Mas, en cambio, la permisión se presume (por la regla de libertad); y, por lo tanto, no se oponen tales obstáculos a la aceptación de un principio de retro-aplicación permisiva, «(A→lB)⊃l(A→B)». Lo llamaré `principio de limitación'.

Ese principio parece perfectamente asumible en una reelaboración de nuestra lógica juridicial. Es equivalente a este otro: «(oA→B)⊃l(A→B)». Y lo que viene a decirnos es que, cuando la obligación de realizar una conducta no supera un cierto grado, es lícito que esa conducta se realice sólo hasta ese grado y no más. O, alternativamente, que, cuando, en la medida en que se reúnan ciertas condiciones, se tiene derecho a realizar una conducta, se tiene también derecho a esto: realizar esa conducta en la medida en que reúna uno esas condiciones.

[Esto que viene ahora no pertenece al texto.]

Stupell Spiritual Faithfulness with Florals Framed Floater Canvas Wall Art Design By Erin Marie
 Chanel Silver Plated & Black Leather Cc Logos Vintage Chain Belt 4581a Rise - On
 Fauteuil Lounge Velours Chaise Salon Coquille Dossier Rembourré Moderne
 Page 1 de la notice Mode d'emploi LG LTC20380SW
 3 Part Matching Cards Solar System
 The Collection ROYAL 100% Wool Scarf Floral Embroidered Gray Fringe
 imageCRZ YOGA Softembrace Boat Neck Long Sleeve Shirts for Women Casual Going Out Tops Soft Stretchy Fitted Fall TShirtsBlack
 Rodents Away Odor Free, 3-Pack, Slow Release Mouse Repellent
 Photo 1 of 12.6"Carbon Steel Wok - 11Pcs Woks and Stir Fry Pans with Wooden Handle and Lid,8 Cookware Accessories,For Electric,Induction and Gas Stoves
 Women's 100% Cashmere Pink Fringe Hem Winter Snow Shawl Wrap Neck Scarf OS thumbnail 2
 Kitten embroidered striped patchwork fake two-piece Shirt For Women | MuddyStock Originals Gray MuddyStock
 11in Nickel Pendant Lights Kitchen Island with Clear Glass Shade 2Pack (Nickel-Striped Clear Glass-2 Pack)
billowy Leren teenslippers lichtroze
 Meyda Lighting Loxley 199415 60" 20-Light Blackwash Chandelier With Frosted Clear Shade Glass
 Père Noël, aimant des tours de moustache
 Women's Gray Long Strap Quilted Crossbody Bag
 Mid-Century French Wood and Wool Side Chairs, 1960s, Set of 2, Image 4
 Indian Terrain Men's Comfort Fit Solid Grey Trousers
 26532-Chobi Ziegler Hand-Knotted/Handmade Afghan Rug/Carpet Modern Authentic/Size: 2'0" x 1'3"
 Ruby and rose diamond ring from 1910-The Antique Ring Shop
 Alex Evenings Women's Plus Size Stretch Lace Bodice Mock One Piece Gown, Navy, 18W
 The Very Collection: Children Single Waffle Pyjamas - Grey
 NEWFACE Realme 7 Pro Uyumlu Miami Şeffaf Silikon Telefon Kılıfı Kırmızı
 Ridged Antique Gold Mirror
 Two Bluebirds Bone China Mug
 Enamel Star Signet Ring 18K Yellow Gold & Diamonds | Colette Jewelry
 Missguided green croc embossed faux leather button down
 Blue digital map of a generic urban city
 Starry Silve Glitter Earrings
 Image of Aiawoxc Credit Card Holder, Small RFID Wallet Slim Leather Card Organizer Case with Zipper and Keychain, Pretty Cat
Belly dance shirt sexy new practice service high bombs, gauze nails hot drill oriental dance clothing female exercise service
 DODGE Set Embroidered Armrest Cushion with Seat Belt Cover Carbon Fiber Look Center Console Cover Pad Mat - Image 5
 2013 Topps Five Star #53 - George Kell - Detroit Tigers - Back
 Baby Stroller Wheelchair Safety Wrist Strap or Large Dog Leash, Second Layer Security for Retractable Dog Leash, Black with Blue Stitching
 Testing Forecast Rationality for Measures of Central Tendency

En el nuevo sistema de lógica juridicial, LJ, propuesto en el Anejo de este artículo ese principio de limitación se deduce, como teorema, de la ley del mismo nombre. En ese sistema, la diferencia (que convencionalmente adopto) entre leyes y principios estriba en que las leyes son verdades deónticas, o sea son normas no promulgadas, que se incorporan al ordenamiento jurídico independientemente de la voluntad del legislador. Mas de esa ley de limitación sale su principio homónimo, con ayuda del principio de aplicación permisiva.

Como instancia de este principio podemos poner la siguiente. Supongamos que, en la medida (al menos) en que Madagascar se abstiene del armamento atómico, tiene derecho al uso de energía nuclear; de ahí se sigue (por dicho principio) que le es lícito lo siguiente: usar energía nuclear en tanto en cuanto se abstenga del armamento atómico.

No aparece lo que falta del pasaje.